The marginal cost per customer is not that different if it's a small customer or a massive one, so it's much interesting for you to go after the big ones that will generate much more revenue. You miss out on revenue from smaller customers, but your margins are higher (and it's totally possible that the revenue from smaller customers isn't financially directly worth it, if the support costs around them are too much).
Of course that skips the bigger picture like more people knowing and using your products and being happy with them leads to more champions for them doing your sales and marketing work for you, which can create lots of revenue in the long term; but it's pretty much impossible to quantify.
Because they figure there's a bigger opportunity cost in the possibility of the big clients using cheaper tiers than in the possible lost customers who won't go for tiers at the current prices if an alternative is available.
You could always add seat limits at lower tiers, truth is that almost no company in my region is paying for Gitlab, but there are plenty that are paying for GitHub. There's also the problem with big customers, you can see it in Gitlab's case, namely they demand a lot of stuff and they have the leverage. I worked at a company like this, we couldn't stop focusing on niche custom dev for Mr Big Buck while our core offering was neglected and we stagnated.
It's really healthy for a company to have a whole spectrum of clients, from people that chip in 2-4$ per month for a minor bump in capabilities and without any support included to big companies that push for exploring new features.
In my opinion, Gitlab is a primary example of feature-creep and it will be the demise of the company.
>In my opinion, Gitlab is a primary example of feature-creep and it will be the demise of the company.

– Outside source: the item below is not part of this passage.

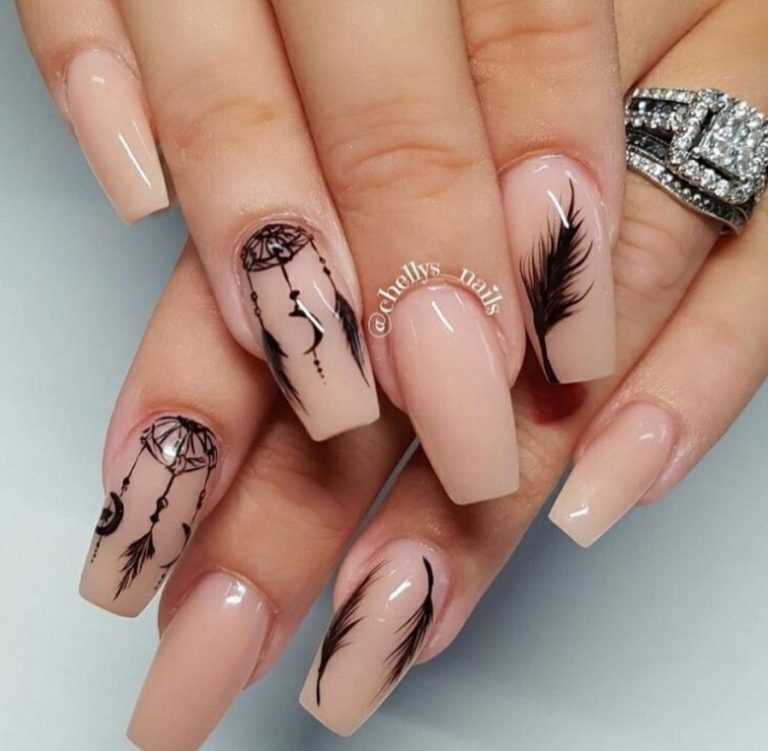 Коралловый маникюр на длинные ногти Коралловый маникюр на длинные ногти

Gitlab was VC funded which means it had little choice but to take on a high risk/high reward approach. It worked fairly well since it IPOed at $12b while it's last round of funding was at under $3b. Good return for VCs. Of course the stock is down over 50% since IPO but that's someone else's problem.
In lots of VC funded companies I always miss a basic pricing for users that don't need much but don't want to use a free tier that will probably dissapear in a year or two when the VC gets nervous.
Why are companies isolating themselves from smaller clients?